I recently went to Prague for a holiday, and have so far written 4 poems as a result. It was interesting, then to read Geraldine Monk's poems in Noctavigations, a wonderful book from West House Books. She mentions some of the things that I saw and experienced and others I didn't - though I saw Hotel Europa I never went in, for instance. She gets the dark atmosphere of the place down really well, and manages to incorporate the history of it in a way I haven't:
Darkly clever jokes fill darker
pubs at weedle-ends glace cherryful eyes
stain-cults of fine bohemian isinglass
intensely lumes from nooks
older than digged up roman teeth.
- it wasn't a million years ago miners used fishskins
for light in tin mines in-ingland -
but if Chamberlain sold them down
the river
a more beautiful
river is
hard to be sold down
But the next part of the sequence I have a problem with.
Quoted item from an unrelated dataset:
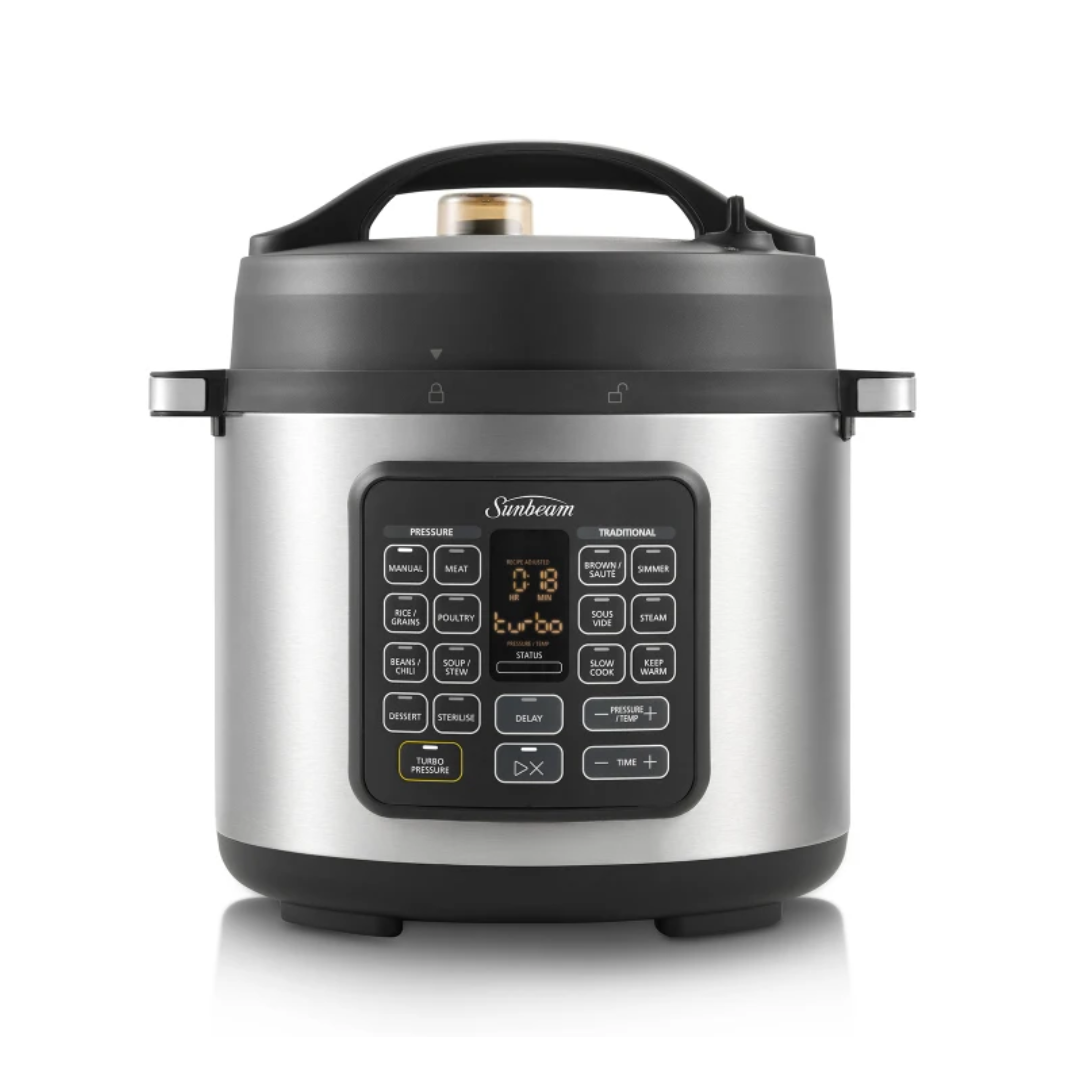 Sunbeam 5.7L Express Turbo Pressure Multicooker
It's just as good as the rest; but it's called (Golem Watch) - and I think hmmm, bit obvious that. It's a bit like going to Blackpool and saying Oh look, it has a tower! There's two things I've avoided writing about in Prague: the Golem and Kafka, both of which are so representative of the city that they've become part of the tourist trail. It's that thing that sometimes happens when you go somewhere and want to write about it; you end up writing tourist poems. This is an exceptionally good tourist poem, written using very linguistically innovative methods derived from Olson et al; but it doesn't really add to anything we didn't know about Prague.
This is the only reservation I have too with Iain Sinclair's White Chappel Scarlet Tracings: he goes to the East End and lo and behold, the ghost of Jack the Ripper pops up his head. Not that you shouldn't write about these things; but I suspect that the reason Olson wrote about Gloucester and Williams wrote about Patterson was because they were not well-known places with lots of familiar stories told about them. The poems bring forth something new about places not something that's been written over thousands of times.
In both cases (Sinclair's and Monk's) the writings themselves overcome my reservations, and there's plenty of other good stuff in Noctavigations; such as a poem with Jeremy Paxman interviewing Faustus. There's a lot of invention in the book; she mixes dialect with standard English, neologises and deconstructs language with abandon. I recommend it.